* _Brief_:
Print the listing below only from the line that has "Lot 388 - GOLD, JADEITE" through the line that has "Drive plate, forested", exactly, and drop any picture.

+++ The data +++

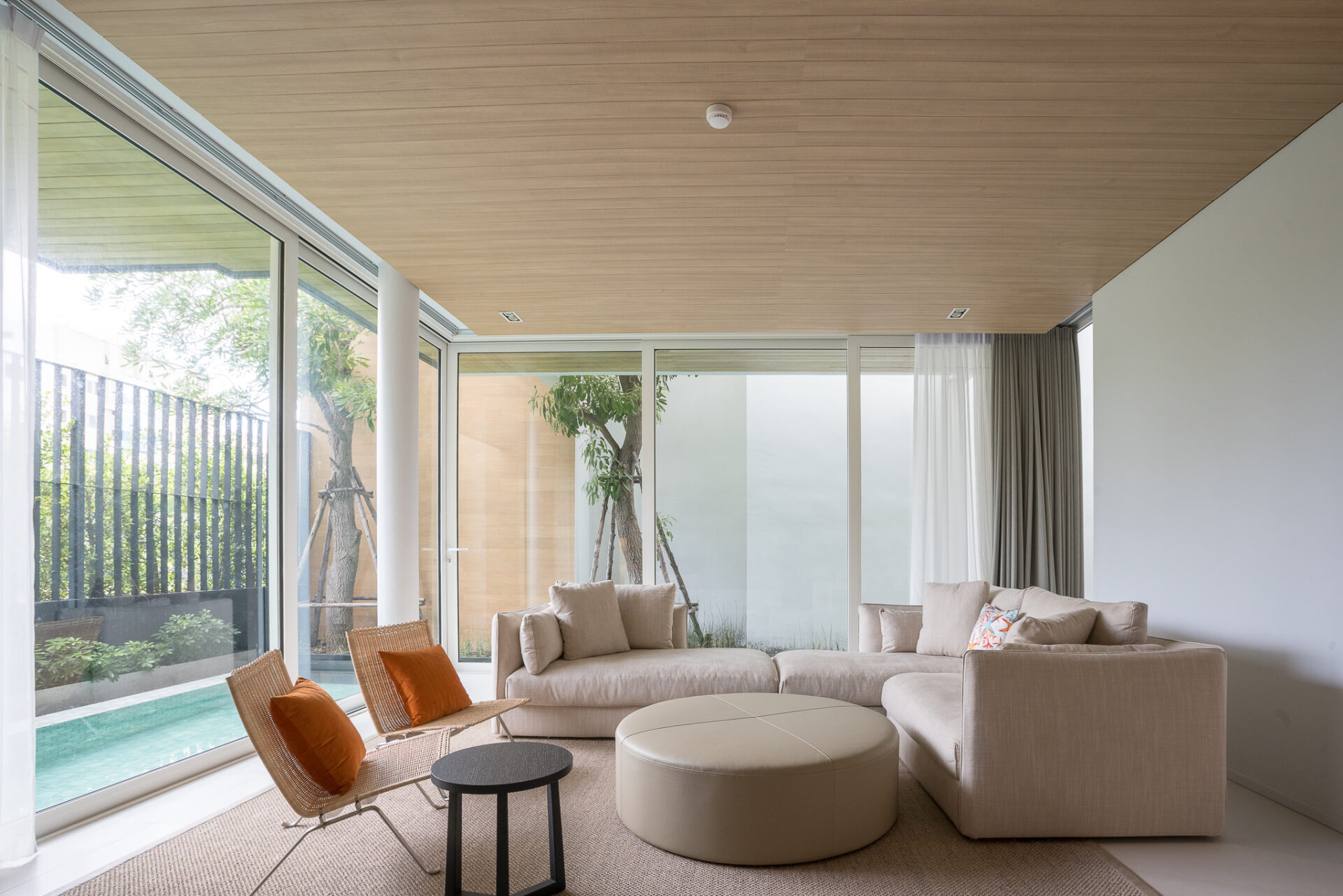 Cozy indoor seating corner with contemporary décor and pool-facing views.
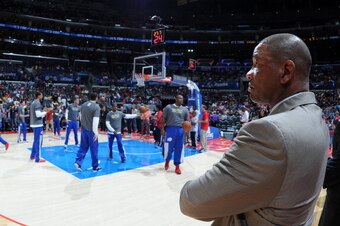 LOS ANGELES, CA - APRIL 6:  Doc Rivers of the Los Angeles Clippers watches his team warm up before the game against the Los Angeles Lakers at Staples Center on April 6, 2014 in Los Angeles, California. NOTE TO USER: User expressly acknowledges and agrees 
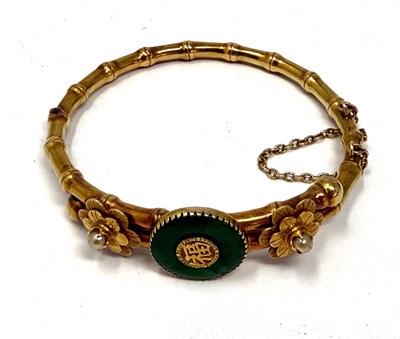 Lot 388 - GOLD, JADEITE AND SEED PEARL HINGED BANGLE, 1900s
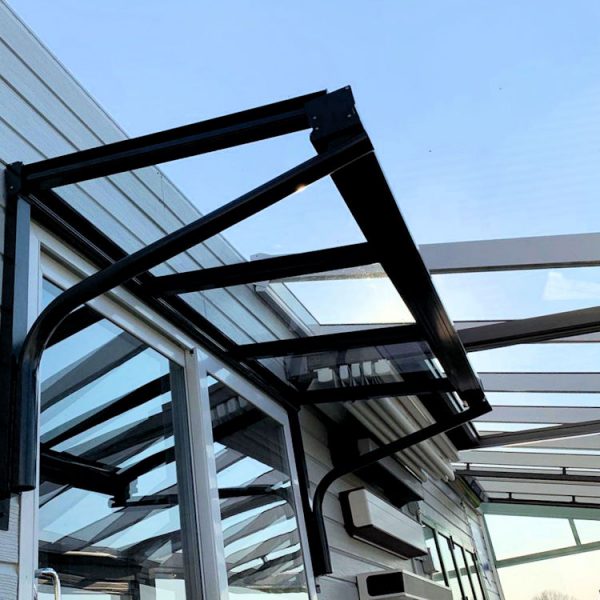 Glass entrance canopy installation on property in Surrey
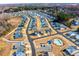 Expansive aerial view of a neighborhood featuring single-Gathering homes, community pool, and landscaping at 7669 Tanglewood Way, Denver, NC 28037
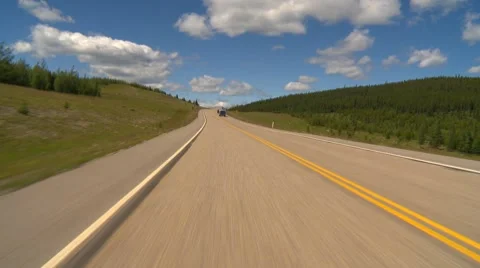 Drive plate, forested hilly rural light traffic in distance, mostly sunny, #7 Stock Footage
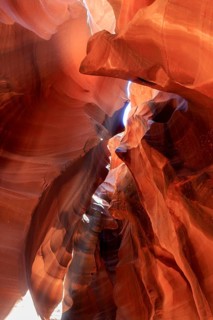 Naturally formed sandstone canyon with light shining through narrow openings, Upper Antelope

+++

* _Your solution_:
 Lot 388 - GOLD, JADEITE AND SEED PEARL HINGED BANGLE, 1900s
 Glass entrance canopy installation on property in Surrey
 Expansive aerial view of a neighborhood featuring single-Gathering homes, community pool, and landscaping at 7669 Tanglewood Way, Denver, NC 28037
 Drive plate, forested hilly rural light traffic in distance, mostly sunny, #7 Stock Footage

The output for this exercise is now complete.